A sympathetic chain at the cervical level can be damaged due to surgical interventions on the larynx, thyroid gland, neck injuries, tumors, especially metastases. Malignant diseases in the area of the jugular opening on the basis of the brain cause various combinations of Horner's syndrome with the defeat of IX, X, XI and HP of cranial nerve pairs.

If the lesion is higher than the upper cervical ganglion of fibers that go into the interweaving of the internal carotid artery, Horner's syndrome will be observed, but only without sweating, as the ship's pathways to the face are part of the plexus of the external carotid artery. Conversely, sweating disorders without pupillary disorders will occur with the involvement of the fibers of the outer carotid plexus. It should be noted that a similar picture (anhidrosis without pupillary disorders) can be observed in the defeat of the sympathetic chain caudal to the stellate node. This is because sympathetic paths to the pupil, passing through the sympathetic trunk, do not fall below the stellate node, while the sudomotor fibers that go to the sweat glands of the face leave the sympathetic trunk, starting from the superior cervical ganglion and ending with the upper thoracic sympathetic ganglia.
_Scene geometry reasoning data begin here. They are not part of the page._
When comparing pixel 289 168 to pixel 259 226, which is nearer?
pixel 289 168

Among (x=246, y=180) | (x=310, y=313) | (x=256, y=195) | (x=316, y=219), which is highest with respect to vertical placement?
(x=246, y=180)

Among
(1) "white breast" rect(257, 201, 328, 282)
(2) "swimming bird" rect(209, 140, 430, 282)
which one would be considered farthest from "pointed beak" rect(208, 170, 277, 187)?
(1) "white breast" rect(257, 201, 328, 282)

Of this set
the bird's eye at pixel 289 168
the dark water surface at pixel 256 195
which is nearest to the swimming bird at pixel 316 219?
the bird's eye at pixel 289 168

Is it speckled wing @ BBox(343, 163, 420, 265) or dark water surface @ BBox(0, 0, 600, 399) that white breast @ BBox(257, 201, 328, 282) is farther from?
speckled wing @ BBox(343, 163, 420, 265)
Injuries, inflammatory or blastomatous processes in the immediate vicinity of the trigeminal (gasser) node, as well as syphilitic osteitis, carotid aneurysm, trigeminal aneurysm, herpes ophthalmicus are the most common causes of Raeder's syndrome: defeat of the first branch of the trigeminal nerve in combination with Horner's syndrome. Sometimes, the defeat of the cranial nerves of the IV, VI pair is added.
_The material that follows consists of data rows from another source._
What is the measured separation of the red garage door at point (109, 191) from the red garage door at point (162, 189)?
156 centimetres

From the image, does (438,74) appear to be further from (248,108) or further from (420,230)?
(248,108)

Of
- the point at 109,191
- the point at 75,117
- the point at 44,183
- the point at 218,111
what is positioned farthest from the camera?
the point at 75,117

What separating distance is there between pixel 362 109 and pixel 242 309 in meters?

The Purfur du Ptis syndrome is the inverse Horner syndrome. In this case, mydriasis, exophthalmos and lagophthalmos are observed. Additional symptoms: increased intraocular pressure, changes in the vessels of the conjunctiva and retina. This syndrome occurs with the local action of sympathomimetic agents, rarely with pathological processes in the neck, when sympathetic trunk is involved in them, as well as with hypothalamus stimulation.

[8], [9], [10],

Specific forms of pupillary disorders

This group of syndromes includes cyclic oculomotor paralysis, ophthalmoplegic migraine, benign episodic unilateral mydriasis and tadpole pupil (intermittent segmental spasm of the dilator lasting several minutes and repeating several times a day).

Pupils of Ardzhil-Robertson

The pupils of Ardzhil-Robertson are small, unequal in size and irregularly shaped pupils with a poor response to light in the dark and a good reaction to accommodation with convergence (dissociated pupil response). It is necessary to differentiate the Arjil-Robertson symptom (a relatively rare sign) and Edy's two-sided tonic pupils, which occur more often.